Top civil servant to get CPB top job, economists critical
Economists have criticised the rumoured appointment of a senior civil servant as the new head of the government’s macro-economic think-tank CPB, Nos television reports.
Laura van Geest is currently director general of the finance ministry’s national budget department and outsiders say her appointment threatens the independence of the institute.
Van Geest has not yet been formally named for the job by the cabinet but various sources have told Nos the appointment has been finalised.
‘The role of the CPB as an independent institute has gone, thanks to her appointment,’ VU university economics professor Eric Bartelsman told the broadcaster. ‘As far as I am concerned, the CPB can be abolished.’
Challenge
‘The CPB will be less likely to take a stand,’ Ewald Engelen of the University of Amsterdam said. The institute will now be less likely to challenge government policy, he said.
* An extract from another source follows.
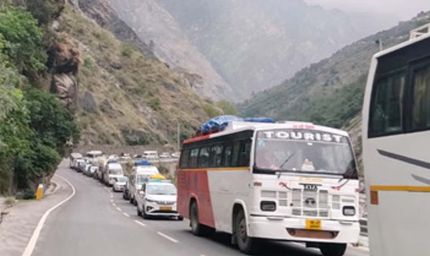 जोशीमठ में 7 किमी लंबा जाम, गर्मी और छुट्टियों में वाहनों का भारी दबाव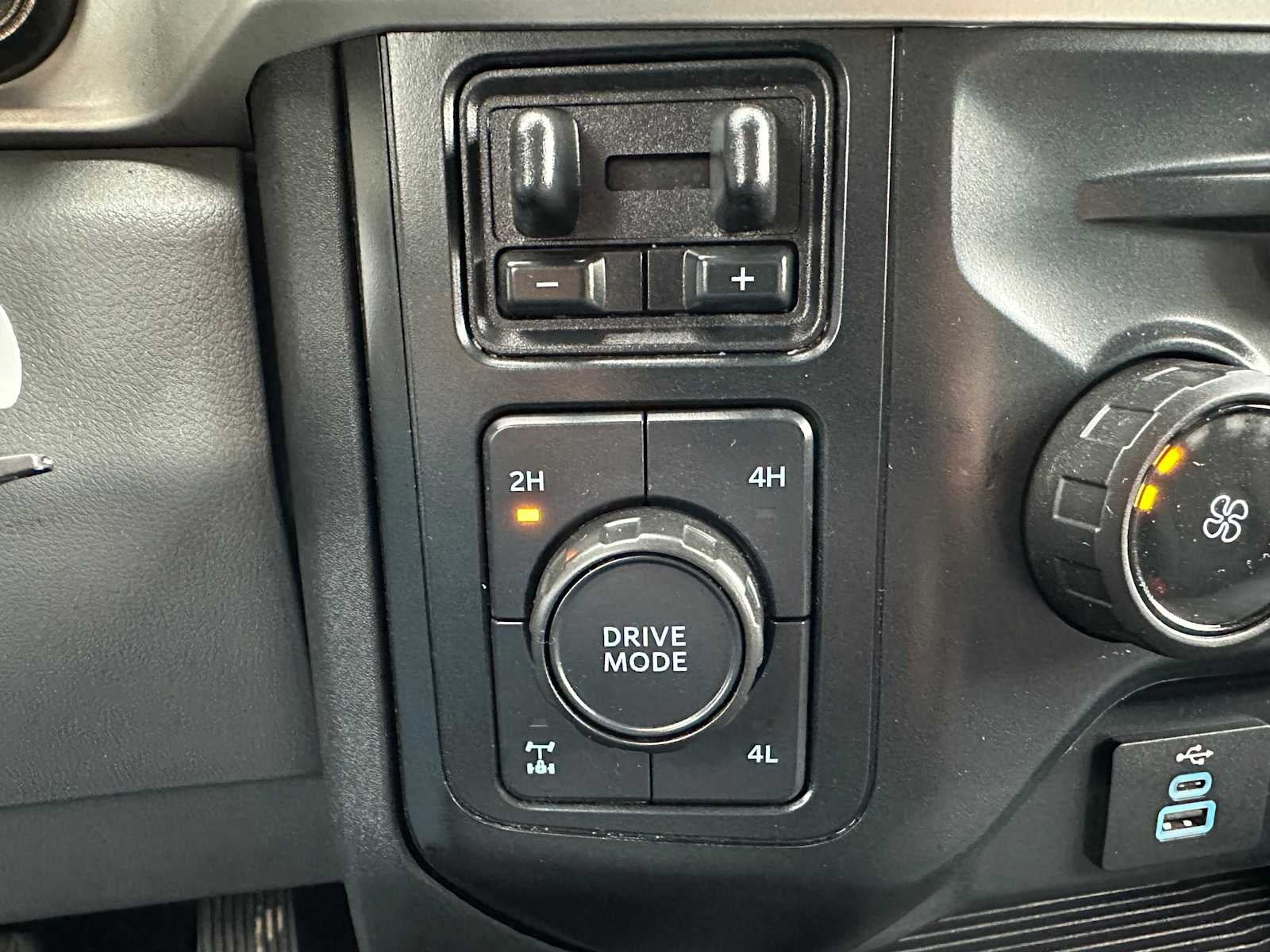 2023 Ford Super Duty F-350 SRW XLT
Van Geest’s predecessor Coen Teulings was highly critical of the government’s inflexibility about meeting eurozone budget targets.
‘It is a little odd that all the top jobs at regulators and independent institutes are going to former finance ministry civil servants,’ said Bartelsman. Both the central bank and financial sector regulator AFM are led by former civil servants.
Although Van Geest is ‘extremely clever and ambitious’ she is not suited to the job as CPB chief, he said.